* Exercise *
Write out an exact copy of the line containing "Muji 3D Mesh Case Protective Pouch" and all lines that follow it in the data below, leaving out pictures.

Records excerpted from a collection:

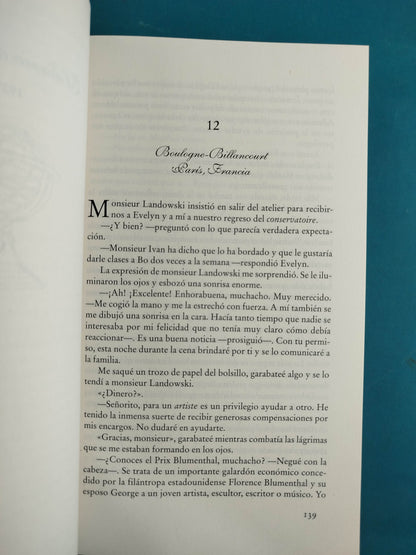 Atlas la historia de Pa Salt by Lucinda Riley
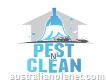 Pest N Clean - End of Lease Cleaning & Pest Control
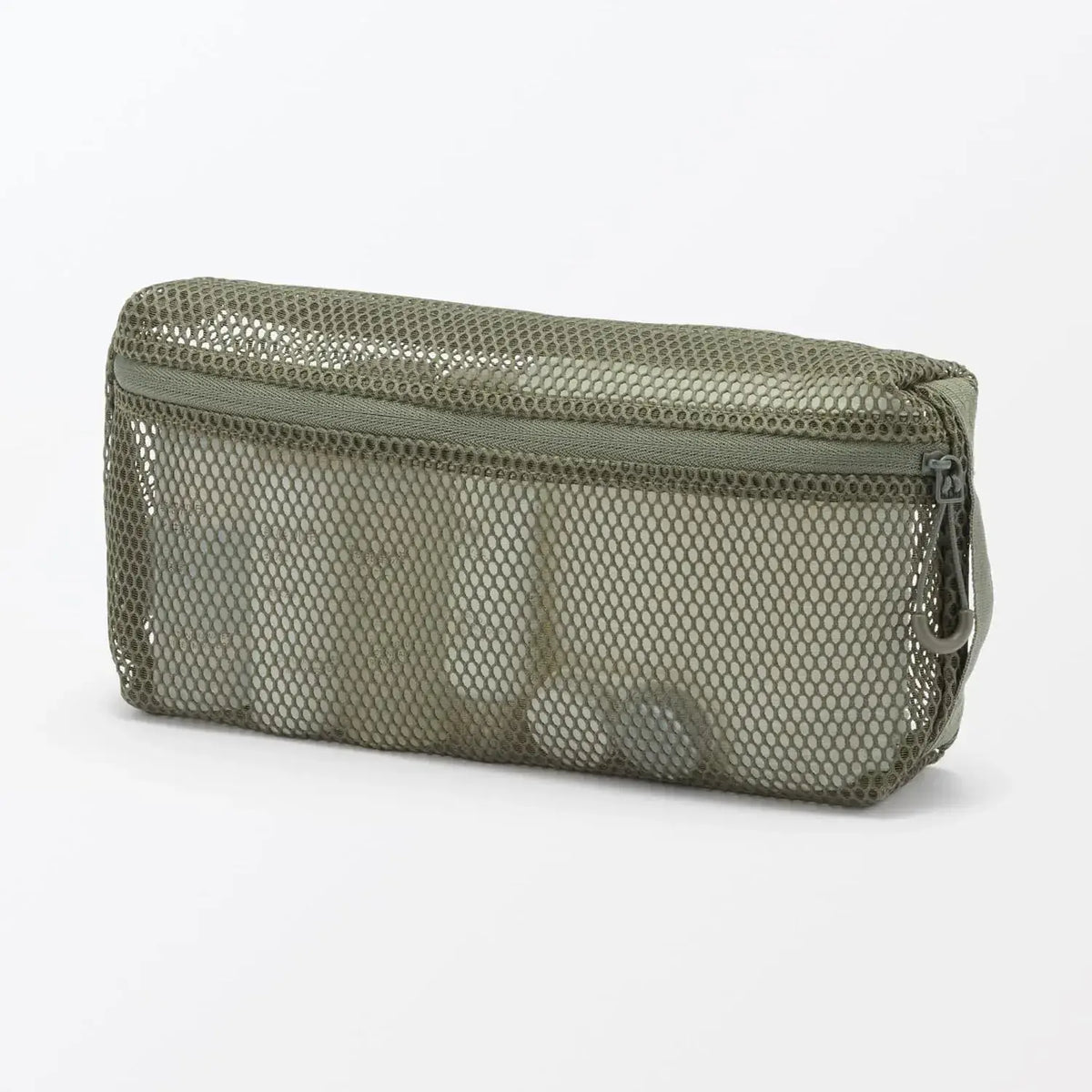 Muji 3D Mesh Case Protective Pouch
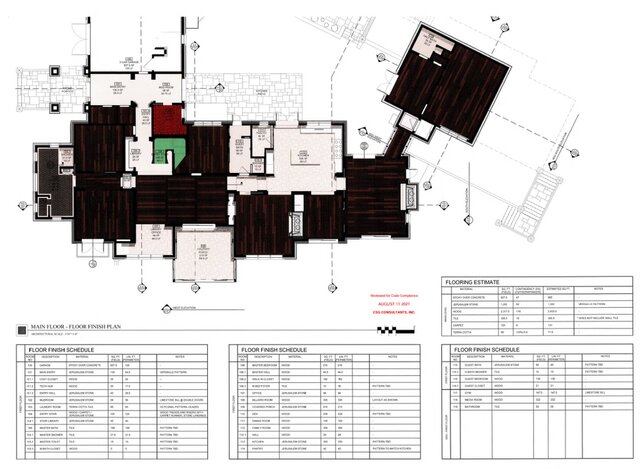 Senior architectural design & documentation support (Project Architecture) image 2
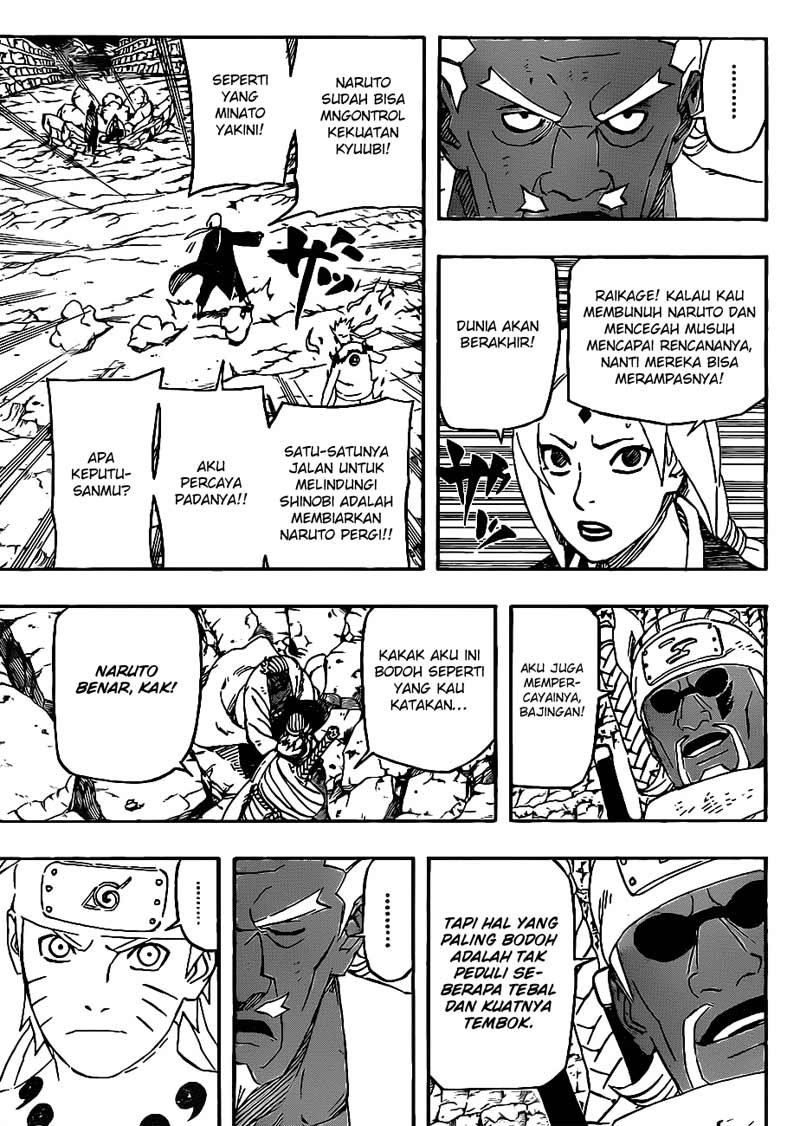 Baca Manga, Baca Komik, Naruto Chapter 544, Naruto 544 Bahasa Indonesia, Naruto 544 Online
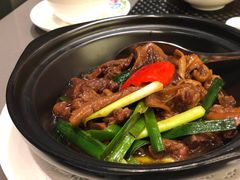-花城苑广府菜(侨鑫店)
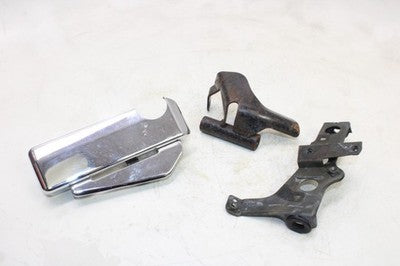 2002 HONDA VTX1800C OEM MISC BRACKETS MOUNTS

* Solved problem *
 Muji 3D Mesh Case Protective Pouch
 Senior architectural design & documentation support (Project Architecture) image 2
 Baca Manga, Baca Komik, Naruto Chapter 544, Naruto 544 Bahasa Indonesia, Naruto 544 Online
-花城苑广府菜(侨鑫店)
 2002 HONDA VTX1800C OEM MISC BRACKETS MOUNTS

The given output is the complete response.